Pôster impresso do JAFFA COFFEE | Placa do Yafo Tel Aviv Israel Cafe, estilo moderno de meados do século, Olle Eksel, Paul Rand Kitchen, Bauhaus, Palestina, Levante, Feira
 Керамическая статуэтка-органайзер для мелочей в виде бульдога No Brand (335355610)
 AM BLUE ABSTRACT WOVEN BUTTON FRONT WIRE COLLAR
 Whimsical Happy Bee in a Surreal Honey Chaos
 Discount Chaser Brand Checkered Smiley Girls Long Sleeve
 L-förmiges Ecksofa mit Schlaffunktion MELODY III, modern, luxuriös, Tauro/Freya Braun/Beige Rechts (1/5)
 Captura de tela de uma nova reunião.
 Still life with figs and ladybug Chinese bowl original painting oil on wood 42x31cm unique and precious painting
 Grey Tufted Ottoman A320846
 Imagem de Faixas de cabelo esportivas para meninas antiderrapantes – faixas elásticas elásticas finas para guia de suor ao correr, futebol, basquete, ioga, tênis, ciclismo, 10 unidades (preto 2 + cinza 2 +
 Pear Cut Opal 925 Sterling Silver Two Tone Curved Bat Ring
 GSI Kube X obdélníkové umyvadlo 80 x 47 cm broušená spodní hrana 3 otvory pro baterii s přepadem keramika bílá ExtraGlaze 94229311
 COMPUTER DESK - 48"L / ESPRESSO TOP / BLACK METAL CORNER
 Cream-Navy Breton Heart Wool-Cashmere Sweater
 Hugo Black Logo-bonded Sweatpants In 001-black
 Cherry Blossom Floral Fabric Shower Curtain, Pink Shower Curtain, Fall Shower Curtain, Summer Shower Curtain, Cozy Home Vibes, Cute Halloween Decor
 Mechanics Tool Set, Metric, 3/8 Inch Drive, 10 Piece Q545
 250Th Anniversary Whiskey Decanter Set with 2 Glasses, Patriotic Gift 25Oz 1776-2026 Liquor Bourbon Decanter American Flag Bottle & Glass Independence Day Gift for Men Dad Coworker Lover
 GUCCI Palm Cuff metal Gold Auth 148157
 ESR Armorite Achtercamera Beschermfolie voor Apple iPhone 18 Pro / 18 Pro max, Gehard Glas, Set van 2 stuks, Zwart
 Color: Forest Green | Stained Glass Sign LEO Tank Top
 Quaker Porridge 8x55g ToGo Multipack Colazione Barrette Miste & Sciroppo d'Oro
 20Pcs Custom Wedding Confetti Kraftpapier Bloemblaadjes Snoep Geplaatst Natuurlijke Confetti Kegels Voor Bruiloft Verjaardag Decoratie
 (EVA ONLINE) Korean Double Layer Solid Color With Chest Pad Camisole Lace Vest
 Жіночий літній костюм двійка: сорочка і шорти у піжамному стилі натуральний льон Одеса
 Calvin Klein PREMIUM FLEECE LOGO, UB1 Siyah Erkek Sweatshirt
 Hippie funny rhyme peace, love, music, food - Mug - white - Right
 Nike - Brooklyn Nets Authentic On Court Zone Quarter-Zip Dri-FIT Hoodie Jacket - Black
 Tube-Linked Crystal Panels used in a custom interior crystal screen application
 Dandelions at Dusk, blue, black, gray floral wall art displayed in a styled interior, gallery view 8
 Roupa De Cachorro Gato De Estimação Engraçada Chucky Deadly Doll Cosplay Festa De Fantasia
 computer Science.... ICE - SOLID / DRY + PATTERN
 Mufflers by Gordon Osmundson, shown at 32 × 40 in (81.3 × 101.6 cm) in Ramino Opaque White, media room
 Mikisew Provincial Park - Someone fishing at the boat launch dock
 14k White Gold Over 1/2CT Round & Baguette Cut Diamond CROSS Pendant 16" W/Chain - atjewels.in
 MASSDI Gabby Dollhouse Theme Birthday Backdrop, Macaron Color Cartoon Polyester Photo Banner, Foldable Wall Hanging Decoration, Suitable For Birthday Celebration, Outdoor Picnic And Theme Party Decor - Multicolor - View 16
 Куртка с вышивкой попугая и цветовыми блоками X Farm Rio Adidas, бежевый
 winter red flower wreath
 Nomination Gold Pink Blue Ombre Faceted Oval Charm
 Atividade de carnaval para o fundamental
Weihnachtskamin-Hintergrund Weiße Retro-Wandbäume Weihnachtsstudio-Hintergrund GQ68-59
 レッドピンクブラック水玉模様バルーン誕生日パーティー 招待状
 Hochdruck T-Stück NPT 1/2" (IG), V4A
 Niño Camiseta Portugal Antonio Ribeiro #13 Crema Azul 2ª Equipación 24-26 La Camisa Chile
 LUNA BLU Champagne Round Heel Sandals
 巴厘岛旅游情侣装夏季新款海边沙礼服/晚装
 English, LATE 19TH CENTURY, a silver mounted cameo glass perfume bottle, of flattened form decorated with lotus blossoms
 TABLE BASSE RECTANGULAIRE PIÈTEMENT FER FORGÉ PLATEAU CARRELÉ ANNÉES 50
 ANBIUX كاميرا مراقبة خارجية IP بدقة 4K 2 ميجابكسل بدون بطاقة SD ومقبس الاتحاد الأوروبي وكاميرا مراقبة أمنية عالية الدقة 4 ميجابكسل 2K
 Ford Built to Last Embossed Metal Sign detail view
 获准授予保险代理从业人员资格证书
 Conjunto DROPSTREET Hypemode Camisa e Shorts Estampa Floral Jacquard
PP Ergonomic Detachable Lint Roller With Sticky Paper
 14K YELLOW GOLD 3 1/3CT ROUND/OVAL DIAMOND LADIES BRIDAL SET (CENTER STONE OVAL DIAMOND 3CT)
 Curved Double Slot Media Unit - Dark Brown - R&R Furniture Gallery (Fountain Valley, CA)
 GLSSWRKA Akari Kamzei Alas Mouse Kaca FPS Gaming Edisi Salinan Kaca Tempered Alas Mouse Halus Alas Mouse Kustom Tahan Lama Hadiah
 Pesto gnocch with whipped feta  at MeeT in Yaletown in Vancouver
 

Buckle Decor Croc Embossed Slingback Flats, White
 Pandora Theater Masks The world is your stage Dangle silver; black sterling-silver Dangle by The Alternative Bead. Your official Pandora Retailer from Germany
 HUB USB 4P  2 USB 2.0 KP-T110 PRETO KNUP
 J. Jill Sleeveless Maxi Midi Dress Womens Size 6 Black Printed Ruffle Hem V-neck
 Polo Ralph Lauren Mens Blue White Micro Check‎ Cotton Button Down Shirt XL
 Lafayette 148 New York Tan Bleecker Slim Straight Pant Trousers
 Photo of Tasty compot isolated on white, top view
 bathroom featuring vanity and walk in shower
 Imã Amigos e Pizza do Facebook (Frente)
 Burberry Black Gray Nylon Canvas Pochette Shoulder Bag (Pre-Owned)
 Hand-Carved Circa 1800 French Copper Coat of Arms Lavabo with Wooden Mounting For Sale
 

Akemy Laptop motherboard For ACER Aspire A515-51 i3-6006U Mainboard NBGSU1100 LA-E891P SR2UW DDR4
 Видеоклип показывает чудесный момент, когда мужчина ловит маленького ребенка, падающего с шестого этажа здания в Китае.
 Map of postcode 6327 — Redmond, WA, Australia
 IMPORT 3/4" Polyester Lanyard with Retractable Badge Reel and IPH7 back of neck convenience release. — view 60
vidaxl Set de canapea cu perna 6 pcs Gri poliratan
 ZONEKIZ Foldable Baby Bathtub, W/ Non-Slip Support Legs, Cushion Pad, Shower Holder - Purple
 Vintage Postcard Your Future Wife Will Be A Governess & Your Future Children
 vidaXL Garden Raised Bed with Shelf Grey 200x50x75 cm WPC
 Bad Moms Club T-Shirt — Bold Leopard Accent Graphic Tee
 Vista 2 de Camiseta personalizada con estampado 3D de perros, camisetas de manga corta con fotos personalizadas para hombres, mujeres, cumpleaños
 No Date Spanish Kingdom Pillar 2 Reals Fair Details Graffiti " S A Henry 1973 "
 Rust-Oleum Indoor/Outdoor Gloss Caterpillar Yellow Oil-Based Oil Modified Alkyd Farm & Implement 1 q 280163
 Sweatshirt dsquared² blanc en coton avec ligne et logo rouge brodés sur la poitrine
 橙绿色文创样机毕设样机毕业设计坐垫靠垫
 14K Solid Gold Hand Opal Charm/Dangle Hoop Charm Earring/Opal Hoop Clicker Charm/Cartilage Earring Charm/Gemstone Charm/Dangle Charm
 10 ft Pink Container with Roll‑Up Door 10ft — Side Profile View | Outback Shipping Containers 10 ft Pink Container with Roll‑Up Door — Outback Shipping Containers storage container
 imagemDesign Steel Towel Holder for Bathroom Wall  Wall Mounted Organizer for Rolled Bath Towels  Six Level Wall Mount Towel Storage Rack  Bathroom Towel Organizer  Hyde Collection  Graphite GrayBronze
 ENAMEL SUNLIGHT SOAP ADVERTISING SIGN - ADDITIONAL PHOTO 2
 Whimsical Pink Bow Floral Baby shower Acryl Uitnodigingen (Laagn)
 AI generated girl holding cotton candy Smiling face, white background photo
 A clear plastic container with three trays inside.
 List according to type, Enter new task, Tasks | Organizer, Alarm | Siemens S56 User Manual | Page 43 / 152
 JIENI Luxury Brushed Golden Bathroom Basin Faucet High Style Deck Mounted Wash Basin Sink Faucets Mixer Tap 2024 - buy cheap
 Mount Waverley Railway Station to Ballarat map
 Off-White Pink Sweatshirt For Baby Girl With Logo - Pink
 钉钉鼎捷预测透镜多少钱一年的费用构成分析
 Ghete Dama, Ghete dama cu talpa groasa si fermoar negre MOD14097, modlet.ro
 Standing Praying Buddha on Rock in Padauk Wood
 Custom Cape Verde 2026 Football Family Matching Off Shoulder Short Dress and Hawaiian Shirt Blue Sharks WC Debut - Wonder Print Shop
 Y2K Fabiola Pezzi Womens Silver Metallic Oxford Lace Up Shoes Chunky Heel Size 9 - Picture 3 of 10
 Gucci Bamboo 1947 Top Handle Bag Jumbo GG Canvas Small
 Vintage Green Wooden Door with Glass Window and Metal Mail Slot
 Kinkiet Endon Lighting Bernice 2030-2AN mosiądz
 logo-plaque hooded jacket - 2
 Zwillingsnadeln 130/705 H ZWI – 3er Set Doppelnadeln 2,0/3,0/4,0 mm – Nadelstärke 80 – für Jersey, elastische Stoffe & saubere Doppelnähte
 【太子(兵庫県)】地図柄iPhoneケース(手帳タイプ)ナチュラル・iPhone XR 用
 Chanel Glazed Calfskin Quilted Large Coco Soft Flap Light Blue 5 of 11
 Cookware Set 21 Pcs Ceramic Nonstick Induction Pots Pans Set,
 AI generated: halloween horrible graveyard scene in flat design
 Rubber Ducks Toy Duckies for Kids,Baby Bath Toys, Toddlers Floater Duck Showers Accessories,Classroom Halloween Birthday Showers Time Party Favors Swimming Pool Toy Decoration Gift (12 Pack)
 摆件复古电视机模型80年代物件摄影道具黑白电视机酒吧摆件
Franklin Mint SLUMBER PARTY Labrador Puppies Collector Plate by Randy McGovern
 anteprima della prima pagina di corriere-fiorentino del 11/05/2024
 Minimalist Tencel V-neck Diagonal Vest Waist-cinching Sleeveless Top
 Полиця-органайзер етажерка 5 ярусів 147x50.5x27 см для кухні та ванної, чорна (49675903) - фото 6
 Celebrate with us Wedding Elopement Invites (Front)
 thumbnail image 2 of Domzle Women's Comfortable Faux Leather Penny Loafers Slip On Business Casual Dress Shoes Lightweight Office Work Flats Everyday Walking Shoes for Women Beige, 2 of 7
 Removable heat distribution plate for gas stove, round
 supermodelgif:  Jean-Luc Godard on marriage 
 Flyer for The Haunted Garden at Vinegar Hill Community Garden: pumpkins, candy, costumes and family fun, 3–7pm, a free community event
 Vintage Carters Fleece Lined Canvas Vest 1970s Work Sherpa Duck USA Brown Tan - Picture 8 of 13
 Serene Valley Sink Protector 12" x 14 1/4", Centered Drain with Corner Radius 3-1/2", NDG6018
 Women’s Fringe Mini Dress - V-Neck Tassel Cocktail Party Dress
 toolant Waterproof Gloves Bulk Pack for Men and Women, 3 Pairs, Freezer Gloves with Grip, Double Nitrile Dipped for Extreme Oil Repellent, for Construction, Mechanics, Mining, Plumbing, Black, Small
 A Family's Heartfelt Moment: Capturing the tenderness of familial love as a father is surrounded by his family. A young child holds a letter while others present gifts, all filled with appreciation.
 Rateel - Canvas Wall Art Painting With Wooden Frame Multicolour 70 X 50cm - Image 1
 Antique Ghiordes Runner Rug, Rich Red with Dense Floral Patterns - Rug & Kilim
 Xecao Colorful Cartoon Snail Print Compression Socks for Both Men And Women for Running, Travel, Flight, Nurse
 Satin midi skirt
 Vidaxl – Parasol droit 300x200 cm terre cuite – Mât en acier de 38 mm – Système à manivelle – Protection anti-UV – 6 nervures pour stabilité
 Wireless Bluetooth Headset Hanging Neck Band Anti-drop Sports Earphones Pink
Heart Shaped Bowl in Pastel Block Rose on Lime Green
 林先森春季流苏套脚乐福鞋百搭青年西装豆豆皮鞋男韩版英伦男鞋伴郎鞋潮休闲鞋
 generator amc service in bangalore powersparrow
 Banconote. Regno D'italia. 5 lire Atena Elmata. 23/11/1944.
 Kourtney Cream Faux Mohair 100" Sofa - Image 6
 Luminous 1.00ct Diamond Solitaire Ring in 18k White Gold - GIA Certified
——
**PROBLEM STATEMENT:** Working down the entries above, count each line in which "Holder" occurs, and state only the resulting number.

**RESULT OF THE EXERCISE:** 2